In Reply to: Re: Gathering Gear?...the lates gadget news! posted by MMMMarcia on March 22, 2000 at 08:16:30:

: O' Exalted and Benevolent Gadget Girl,

: I bow to your phenominal perspicacity and capacious cleverness in finding this ultimate of cooling devices! Just the description of it fairly boggles my mind (not that my mind is ever UN-boggled, doncha know, boggledness being its more-or-less natural state)! Color me impressed, amazed, and greedily envious! Target will be my next stop today, you can rest assured. Between us, we should be able to lower the annual mean temperature of western North Carolina by a significant amount, I should think, as we go traipsing merrily along, misting and singing, tra-la, tra-la! Imagine hot, old sweaty Clabert & crew, following in our Footsteps of Coolness, trying in vain to suck up a few of those errant molecules of comfort! heheee Please say you'll allow me to be a Charter Member of the HHH Club!
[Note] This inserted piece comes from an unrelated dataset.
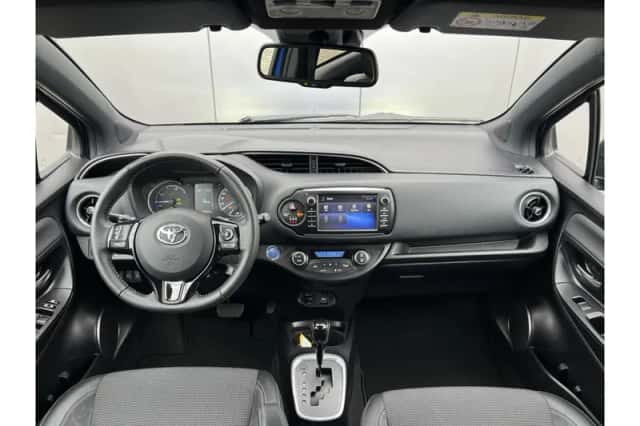 Toyota Yaris (2017) thumbnail 3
: Once again, I salute you, Gadget Girl, and Cecelia, the Gear Gal, and tender you my utmost respect for this revolutionary discovery!

: She-Who-Fervently-Hopes-That-This-Makes-Persona-#21!! (*me, sticking my fingers in my ears, and making a loudly rude noise in the General DI-rection of Lainey's Edict!!!)....

: *my work here is done...I...AM...OUTTAHERE!!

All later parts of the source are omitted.